Notre contradicteur nous sert encore d’autres aménités :

« Dans son introduction, M. d’Arles parle avec fierté du travail que suppose la masse de notes dont son texte est étayé. Et cependant il est capable de confondre à tout jamais Sir Robert Walpole avec son fils Horace : « Cet Horace Walpole fut l’une des figures les plus complexes et les plus intéressantes du 18e siècle anglais. Il fut un des grands ministres d’Angleterre qu’il gouverna glorieusement vingt-et-un ans… » (i, 346, Acadie, note.) Et la Review de triompher de ce qu’elle appelle une désespérante confusion. Or, à cet endroit d’Acadie, nous citons un mot au sujet du duc de Newcastle, lequel mot vient de l’Histoire de George ii, (i, 344) par Horace Walpole, d’où notre note sur Horace Walpole. Notre manuscrit porte : « Cet Horace Walpole fut l’une des figures les plus complexes et les plus intéressantes du 18e siècle anglais. Il fut le fils de Sir Robert Walpole, l’un des grands ministres d’Angleterre, qu’il gouverna glorieusement vingt-et-un ans… » L’écrivain de la Revue doit connaître ce que c’est qu’une faute d’impression. Or, ce qu’il nous reproche comme une déplorable confusion est tout simplement le fait d’un accident typographique comme il en arrive dans les… meilleurs ateliers. Notre manuscrit original est correct. Notre critique en est donc pour ses frais. Nous pouvions d’autant moins confondre grossièrement le fils avec le père que nous avions rédigé cette note en ayant sous les yeux les longs et substantiels articles de la Encyclopedia Britannica, qui ont trait à l’un et à l’autre. Et voilà ! C’est vraiment trop de bruit pour une omelette.

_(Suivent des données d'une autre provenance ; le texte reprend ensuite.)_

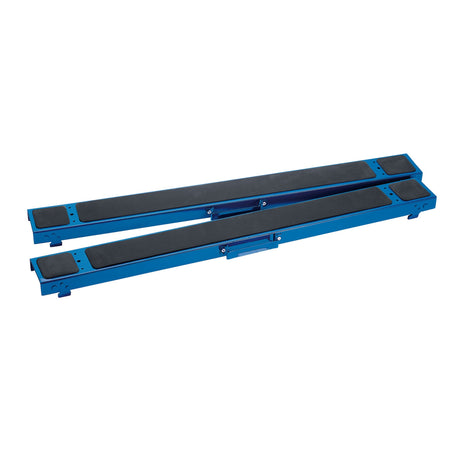 DRAPER 1000 x 800mm Pair of Fold Down Trestles: Model No.TRY2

Nous résumons le dernier paragraphe que la Review veut bien nous consacrer : « …Si M. d’Arles en avait référé aux deux volumes d’archives publiés par le gouvernement de la Nouvelle-Écosse depuis l’apparition de l’ouvrage édité par M. Akins, il ne serait pas tombé (p. 309) dans une erreur déjà vieille, dont un gouverneur anglais est responsable, à savoir que les terres des Acadiens ne furent jamais dûment arpentées… »

À ceci nous répondrons : cette erreur, si erreur il y a, n’est pas le fait d’un gouverneur anglais seulement, mais de deux au moins, et des plus considérables. Nous donnons dans notre ouvrage ce qu’a dit là-dessus, à maintes reprises, le gouverneur Mascarène. Nous citerons ici l’affirmation non moins positive du gouverneur Lawrence : « How difficult it is for the courts to give judgments in cases where the disputes relate to the Bonds of Lands that have never as yet been surveyed that we know of. » (Lawrence to Board of Trade, December 5th 1753.)

L’auteur de l’article termine en disant que dans Acadie, « quelques noms propres sont défigurés et que d’autres fautes typographiques se présentent. Il y a (également) un contraste très marqué entre le portrait de l’auteur (d’après une photographie), dans l’édition de 1895, et l’idéalisation qu’en a faite Hébert dans le présent ouvrage (c’est nous qui soulignons).

Nous concédons que certains noms propres sont mal épelés dans Acadie, et nous avons admis plus haut qu’il s’y était glissé aussi des fautes d’impression. Seulement, nous ne comprenons guère qu’un critique, qui est si délicat en pareille matière, ait trouvé le moyen, dans un article de deux pages, de laisser passer deux grosses fautes du même ordre : ADouard pour Édouard Richard, et The Rev. J. Drummond pour Lewis Drummond. Quant à sa suprême réflexion, l’on pourrait en conclure, sans manquer le moins du monde à la charité, que l’auteur ne sait rien de ce qu’est l’art. Il s’étonne de voir qu’il y a contraste entre une photographie et un modelage d’artiste ! Est-ce naïveté ? Est-ce pure ignorance des lois fondamentales de l’art ? Pour toute réponse, nous lui citerons la parole célèbre d’Ernest Hello : « Réaliser l’idéal et idéaliser le réel, — telle est la fonction de l’art. »

Henri d’Arles.



  1. Émile Salone. La colonisation de la Nouvelle-France, Préface p. vi.